US Congress urges discussion on how to deal with chaos from “Belt and Road Initiative”.

The Chinese government launched the “Belt and Road Initiative” in 2013, which has now been in existence for over a decade. Currently, the initiative’s problems such as debt traps, environmental damage, and official corruption in the countries involved are gradually becoming apparent, attracting close attention from various sectors. This Thursday (May 16), the US Congress held a hearing to discuss how the United States and its allies should address the global challenges posed by the Belt and Road Initiative.

On May 16, the US House Select Committee on the Chinese Communist Party convened a hearing, where members of Congress and scholars focused on the disorder and chaos caused by China through large-scale transnational construction under the Belt and Road Initiative, and how the US should respond to the issue of Chinese cross-border infiltration behind this initiative.

During the hearing, John Moolenaar, the newly appointed chairman of the Select Committee on the Chinese Communist Party and a Republican member of the House, stated that China’s global investments and construction are aimed at controlling the world: “China, through its investments, exports authoritarianism and exploits the labor and natural resources of the world for its own commercial interests. The sole purpose of the Belt and Road Initiative is to expand the global influence of the Chinese Communist Party. China lures other countries into debt traps through investments, gains control of other countries’ territories, expands cross-border surveillance, and controls critical supply chains.”

Moolenaar acknowledged that the Beijing authorities often negotiate very favorable investment terms with foreign countries that Western countries find difficult to match, but Chinese investments locally have led to many irregularities: “To expand its influence, Beijing has lost billions of dollars in constructing poor-quality infrastructure and 5G networks controlled by the CCP. The construction costs in China are half that of the West. From this perspective, US investments cannot compete with China. However, Chinese funds have led to developing countries falling into debt traps, worrying construction quality leading to security concerns, Chinese workers replacing local job opportunities. At the same time, the CCP does not focus on environmental protection, causing the exploitation of natural resources locally.”

Subramanian Raja Krishnamoorthi, a Democratic member of the House from Illinois, also pointed out during the meeting that the Belt and Road Initiative of the CCP has expanded to most countries worldwide, urgently requiring attention to the problems caused by the initiative. He said, “After 11 years of implementing the Belt and Road, more than 75% of countries in the world have signed investment agreements, involving over a trillion US dollars of Chinese lending and investment.”

Krishnamoorthi mentioned that the Belt and Road Initiative serves Beijing’s military ambitions, with China developing deep-water ports in developing countries that can serve as anchor points for the Chinese military if necessary. Additionally, construction under the Belt and Road Initiative often involves local official corruption. In Ecuador, for example, China has bribed almost all officials associated with Belt and Road construction, including then-Ecuadorian President Lenin Moreno. In Ecuador alone, the amount of bribes paid by China amounts to 80 million US dollars.

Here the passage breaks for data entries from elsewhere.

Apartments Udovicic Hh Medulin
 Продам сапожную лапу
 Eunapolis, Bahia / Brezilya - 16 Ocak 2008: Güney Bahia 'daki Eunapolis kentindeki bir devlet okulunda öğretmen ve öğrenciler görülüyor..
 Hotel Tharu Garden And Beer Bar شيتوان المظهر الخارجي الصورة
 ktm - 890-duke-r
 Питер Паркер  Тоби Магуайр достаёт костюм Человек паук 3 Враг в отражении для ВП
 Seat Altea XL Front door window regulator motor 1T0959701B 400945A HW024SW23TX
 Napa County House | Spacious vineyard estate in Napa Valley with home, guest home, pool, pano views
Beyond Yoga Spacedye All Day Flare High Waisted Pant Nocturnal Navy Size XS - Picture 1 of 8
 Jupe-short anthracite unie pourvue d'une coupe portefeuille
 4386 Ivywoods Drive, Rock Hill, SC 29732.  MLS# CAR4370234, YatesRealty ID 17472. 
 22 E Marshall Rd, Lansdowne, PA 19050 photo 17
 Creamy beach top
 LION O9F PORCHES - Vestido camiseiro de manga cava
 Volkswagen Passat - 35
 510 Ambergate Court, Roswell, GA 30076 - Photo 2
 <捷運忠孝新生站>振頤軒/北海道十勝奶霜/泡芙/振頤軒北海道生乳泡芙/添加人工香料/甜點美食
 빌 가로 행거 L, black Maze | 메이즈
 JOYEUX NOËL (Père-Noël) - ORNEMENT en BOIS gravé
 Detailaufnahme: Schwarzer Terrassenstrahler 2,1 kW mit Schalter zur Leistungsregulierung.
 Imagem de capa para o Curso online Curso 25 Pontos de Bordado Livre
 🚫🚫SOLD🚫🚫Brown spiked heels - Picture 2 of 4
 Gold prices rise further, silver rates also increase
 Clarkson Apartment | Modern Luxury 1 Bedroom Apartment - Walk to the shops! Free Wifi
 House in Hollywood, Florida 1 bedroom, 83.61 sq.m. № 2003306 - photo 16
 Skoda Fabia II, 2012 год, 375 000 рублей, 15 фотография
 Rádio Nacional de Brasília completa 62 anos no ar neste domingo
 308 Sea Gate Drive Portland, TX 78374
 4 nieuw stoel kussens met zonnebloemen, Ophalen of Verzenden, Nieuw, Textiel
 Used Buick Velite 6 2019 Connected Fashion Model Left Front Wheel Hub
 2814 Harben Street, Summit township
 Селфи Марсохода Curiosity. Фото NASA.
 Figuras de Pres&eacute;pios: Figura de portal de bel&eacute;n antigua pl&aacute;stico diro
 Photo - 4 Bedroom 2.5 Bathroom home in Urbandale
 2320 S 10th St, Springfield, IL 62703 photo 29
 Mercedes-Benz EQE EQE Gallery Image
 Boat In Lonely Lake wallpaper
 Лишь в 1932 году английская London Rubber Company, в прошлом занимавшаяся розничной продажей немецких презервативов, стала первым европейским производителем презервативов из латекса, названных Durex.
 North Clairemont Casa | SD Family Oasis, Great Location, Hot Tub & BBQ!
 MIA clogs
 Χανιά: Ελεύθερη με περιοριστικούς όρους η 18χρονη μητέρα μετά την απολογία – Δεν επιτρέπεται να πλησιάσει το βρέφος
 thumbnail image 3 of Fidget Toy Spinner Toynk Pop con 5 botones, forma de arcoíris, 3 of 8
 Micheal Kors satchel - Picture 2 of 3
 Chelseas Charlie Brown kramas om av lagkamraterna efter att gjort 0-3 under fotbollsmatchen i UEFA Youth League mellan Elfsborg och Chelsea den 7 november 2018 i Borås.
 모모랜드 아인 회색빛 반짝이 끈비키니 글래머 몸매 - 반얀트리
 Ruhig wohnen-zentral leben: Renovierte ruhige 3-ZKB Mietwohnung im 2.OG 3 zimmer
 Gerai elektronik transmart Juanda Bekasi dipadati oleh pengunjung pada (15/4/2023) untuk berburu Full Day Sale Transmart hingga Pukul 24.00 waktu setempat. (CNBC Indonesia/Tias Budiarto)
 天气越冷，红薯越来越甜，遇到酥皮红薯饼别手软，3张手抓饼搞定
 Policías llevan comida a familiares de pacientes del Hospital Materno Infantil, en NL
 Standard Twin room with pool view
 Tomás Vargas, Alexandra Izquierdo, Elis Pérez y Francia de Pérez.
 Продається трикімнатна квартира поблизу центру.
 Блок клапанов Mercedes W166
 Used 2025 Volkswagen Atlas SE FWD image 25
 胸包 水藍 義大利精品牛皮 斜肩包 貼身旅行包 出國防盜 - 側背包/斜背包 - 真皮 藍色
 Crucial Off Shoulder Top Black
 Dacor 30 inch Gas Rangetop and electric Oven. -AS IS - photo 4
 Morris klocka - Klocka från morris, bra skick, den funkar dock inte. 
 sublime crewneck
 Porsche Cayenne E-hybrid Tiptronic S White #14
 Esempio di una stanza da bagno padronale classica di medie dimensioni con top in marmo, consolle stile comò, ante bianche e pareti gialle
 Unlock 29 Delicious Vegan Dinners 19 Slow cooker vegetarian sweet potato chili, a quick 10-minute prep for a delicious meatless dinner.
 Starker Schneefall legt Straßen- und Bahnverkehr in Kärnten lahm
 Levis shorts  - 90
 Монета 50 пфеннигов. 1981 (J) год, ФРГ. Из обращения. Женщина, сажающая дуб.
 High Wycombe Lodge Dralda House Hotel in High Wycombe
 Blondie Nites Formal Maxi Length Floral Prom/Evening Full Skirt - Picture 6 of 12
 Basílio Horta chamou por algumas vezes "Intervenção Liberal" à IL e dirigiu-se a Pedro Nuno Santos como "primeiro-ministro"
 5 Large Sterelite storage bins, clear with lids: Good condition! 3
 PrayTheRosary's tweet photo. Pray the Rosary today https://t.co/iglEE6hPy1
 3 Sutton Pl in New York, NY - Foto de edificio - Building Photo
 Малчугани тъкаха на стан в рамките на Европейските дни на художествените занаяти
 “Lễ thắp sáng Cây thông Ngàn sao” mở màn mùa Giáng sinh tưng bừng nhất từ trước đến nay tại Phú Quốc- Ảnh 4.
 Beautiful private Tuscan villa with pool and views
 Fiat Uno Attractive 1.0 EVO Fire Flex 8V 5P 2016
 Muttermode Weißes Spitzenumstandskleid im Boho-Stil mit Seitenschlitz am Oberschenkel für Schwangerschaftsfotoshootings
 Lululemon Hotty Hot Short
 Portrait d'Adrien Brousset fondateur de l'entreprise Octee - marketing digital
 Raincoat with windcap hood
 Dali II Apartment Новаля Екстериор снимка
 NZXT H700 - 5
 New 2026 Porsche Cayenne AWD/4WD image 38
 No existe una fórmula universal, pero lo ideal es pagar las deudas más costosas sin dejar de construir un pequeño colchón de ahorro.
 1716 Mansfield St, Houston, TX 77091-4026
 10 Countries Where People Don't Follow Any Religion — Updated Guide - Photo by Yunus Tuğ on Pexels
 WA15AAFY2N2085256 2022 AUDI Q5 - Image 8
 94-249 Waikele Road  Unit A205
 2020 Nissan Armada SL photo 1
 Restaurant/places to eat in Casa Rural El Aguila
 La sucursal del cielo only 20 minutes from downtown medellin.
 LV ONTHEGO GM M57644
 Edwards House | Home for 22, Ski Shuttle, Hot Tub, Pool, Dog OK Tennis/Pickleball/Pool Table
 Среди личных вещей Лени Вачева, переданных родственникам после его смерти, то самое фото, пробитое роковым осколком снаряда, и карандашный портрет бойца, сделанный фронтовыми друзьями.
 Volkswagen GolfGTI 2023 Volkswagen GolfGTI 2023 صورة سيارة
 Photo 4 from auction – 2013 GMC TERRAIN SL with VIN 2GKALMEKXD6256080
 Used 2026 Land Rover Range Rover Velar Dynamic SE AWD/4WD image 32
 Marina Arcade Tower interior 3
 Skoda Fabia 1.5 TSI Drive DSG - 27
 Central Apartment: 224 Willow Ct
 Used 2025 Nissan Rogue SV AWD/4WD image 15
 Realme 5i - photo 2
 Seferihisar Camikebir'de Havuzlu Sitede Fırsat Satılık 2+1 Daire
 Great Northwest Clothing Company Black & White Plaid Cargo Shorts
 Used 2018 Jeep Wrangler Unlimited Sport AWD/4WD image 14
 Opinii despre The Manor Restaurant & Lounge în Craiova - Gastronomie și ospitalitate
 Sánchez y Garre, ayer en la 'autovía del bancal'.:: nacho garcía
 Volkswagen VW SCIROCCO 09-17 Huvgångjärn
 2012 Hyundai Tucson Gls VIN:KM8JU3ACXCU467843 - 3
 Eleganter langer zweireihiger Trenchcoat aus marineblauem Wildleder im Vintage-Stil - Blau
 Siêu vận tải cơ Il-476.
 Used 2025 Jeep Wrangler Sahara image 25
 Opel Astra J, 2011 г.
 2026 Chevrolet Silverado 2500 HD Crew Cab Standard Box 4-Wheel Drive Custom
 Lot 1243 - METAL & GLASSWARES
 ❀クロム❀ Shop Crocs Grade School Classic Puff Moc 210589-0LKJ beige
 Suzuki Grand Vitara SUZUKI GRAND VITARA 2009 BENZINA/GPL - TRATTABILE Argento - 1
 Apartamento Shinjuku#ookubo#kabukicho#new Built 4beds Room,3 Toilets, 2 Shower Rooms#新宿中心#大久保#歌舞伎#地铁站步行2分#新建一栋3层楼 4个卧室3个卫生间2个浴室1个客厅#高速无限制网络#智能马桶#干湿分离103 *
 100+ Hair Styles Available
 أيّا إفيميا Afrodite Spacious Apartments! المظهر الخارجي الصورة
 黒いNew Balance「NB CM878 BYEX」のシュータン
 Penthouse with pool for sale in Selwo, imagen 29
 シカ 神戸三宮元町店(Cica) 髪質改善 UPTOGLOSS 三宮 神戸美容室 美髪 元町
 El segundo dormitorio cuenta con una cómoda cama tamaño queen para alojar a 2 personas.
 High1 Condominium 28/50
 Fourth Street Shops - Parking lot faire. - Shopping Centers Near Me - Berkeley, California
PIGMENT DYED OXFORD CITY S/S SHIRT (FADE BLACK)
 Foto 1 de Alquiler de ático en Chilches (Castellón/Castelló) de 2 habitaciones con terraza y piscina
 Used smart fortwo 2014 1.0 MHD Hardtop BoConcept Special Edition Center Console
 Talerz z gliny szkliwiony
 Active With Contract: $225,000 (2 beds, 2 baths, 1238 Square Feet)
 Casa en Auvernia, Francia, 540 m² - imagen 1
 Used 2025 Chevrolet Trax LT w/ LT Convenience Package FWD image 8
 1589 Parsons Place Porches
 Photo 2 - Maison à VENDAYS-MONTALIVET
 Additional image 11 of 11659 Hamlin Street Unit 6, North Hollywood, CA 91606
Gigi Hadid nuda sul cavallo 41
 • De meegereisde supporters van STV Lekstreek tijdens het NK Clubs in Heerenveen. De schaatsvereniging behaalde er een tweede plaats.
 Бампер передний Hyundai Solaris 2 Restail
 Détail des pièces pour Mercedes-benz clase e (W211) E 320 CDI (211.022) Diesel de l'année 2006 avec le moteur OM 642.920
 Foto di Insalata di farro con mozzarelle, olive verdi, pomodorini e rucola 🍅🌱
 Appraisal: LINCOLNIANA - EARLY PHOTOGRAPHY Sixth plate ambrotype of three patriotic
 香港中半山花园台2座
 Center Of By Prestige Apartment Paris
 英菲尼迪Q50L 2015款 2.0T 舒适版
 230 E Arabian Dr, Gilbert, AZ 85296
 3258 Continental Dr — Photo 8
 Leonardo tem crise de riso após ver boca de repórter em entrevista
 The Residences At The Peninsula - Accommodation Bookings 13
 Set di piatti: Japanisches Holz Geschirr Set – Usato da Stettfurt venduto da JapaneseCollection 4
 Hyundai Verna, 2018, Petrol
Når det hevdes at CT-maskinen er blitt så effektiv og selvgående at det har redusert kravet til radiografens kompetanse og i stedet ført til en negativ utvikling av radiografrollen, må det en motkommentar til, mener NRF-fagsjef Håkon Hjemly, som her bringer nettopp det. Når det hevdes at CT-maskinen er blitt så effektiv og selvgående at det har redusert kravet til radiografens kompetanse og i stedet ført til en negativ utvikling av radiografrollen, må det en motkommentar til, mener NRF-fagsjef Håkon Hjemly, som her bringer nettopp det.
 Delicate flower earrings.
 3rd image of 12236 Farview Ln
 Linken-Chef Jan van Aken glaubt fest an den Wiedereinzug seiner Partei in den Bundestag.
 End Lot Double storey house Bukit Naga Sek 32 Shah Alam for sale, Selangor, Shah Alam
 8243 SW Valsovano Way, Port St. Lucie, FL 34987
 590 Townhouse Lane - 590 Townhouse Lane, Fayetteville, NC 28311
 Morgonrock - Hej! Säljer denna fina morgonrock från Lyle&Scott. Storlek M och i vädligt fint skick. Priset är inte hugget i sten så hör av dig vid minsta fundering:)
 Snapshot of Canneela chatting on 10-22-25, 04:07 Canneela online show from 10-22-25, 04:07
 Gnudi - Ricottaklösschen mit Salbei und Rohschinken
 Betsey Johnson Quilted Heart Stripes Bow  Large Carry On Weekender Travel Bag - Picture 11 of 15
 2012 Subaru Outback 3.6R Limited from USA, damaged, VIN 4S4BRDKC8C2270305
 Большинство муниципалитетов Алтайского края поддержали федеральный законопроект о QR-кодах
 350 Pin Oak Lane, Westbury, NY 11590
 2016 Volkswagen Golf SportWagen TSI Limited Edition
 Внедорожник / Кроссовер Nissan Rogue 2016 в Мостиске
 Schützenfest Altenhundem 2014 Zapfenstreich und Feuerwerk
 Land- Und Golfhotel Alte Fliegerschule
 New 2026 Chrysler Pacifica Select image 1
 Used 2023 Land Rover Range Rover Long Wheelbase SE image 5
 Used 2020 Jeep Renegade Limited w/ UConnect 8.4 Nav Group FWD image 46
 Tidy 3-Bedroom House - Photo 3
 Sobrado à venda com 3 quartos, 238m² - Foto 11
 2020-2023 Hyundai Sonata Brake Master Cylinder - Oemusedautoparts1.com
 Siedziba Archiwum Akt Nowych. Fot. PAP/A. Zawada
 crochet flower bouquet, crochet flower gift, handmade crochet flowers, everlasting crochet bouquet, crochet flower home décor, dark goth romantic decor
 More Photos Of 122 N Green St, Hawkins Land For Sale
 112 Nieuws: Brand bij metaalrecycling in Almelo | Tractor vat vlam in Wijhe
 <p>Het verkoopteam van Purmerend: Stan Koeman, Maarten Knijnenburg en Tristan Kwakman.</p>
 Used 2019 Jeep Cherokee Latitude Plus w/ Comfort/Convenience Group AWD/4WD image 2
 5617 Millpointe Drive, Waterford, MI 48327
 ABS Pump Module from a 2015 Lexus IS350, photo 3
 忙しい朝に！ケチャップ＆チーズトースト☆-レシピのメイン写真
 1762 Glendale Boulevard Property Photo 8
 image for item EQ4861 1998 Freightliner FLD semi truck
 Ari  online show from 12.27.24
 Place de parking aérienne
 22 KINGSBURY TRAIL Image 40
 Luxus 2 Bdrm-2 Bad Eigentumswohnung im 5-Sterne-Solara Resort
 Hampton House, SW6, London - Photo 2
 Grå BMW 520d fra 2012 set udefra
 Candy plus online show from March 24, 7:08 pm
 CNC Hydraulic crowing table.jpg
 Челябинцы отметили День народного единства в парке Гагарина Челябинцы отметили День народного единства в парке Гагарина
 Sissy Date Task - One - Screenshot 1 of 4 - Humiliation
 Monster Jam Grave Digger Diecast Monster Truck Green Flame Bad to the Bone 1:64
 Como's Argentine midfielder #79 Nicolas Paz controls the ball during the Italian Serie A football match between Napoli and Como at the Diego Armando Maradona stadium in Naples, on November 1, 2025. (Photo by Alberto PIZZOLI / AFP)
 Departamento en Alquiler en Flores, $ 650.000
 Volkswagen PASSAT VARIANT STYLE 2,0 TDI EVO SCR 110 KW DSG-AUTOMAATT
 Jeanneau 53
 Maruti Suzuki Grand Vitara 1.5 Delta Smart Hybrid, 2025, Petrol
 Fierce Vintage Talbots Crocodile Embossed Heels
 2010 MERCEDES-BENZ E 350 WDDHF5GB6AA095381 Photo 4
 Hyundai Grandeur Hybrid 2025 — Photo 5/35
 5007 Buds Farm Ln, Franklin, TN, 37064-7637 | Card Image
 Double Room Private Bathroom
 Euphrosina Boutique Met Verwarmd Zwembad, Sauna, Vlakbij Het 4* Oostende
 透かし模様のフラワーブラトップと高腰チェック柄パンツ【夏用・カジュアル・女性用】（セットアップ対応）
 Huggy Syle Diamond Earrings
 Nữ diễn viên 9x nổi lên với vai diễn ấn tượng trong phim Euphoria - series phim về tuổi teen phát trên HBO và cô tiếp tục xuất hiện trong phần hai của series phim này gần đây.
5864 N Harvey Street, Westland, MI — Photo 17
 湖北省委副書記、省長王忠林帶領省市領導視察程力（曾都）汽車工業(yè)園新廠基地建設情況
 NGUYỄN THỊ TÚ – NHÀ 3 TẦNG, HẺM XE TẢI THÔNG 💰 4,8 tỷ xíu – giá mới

Brad Parks, director of AidData at the College of William & Mary in Virginia, testified during the hearing that the Belt and Road Initiative has also created three serious problems within China: “Firstly, repayment of loans. Beijing heavily lent money at the time, extending thousands of loans to 125 countries with a total value exceeding one trillion US dollars. Now, these borrowers are finding it difficult to repay. The second issue is the high risk of many of China’s foreign construction projects from environmental, social, and governance perspectives. When China first started engaging in international construction, it had only 17 high-risk projects worth $450 million. But today, China has nearly 1,700 high-risk projects worth $450 billion.”

Parks added, “The third problem is reputation risk because the Belt and Road has caused many troubles locally, China’s public support in developing countries has rapidly declined, with overall support dropping from 56% to 40%, and local media attitudes towards China have become unfriendly.”

However, Parks noted that the Beijing authorities are aware of the difficulties the Belt and Road Initiative has brought to China, and they are currently working on related “improvements,” attempting to launch “Belt and Road 2.0.”

Regarding China’s active expansion and the attitude of “improvement” in the Belt and Road Initiative, Daniel Runde, Senior Vice President of the Center for Strategic and International Studies (CSIS) in Washington, suggested during the hearing that the US should immediately plan to provide developing countries with construction plans that can rival those of China.

Runde said, “We cannot counter China’s investments without proposing alternative construction plans, so what is our construction plan? We face the difficult fact that China is the primary lender and constructor in developing countries. While our funding may not need to match that of China, the US needs to be a better investment and construction partner than China.”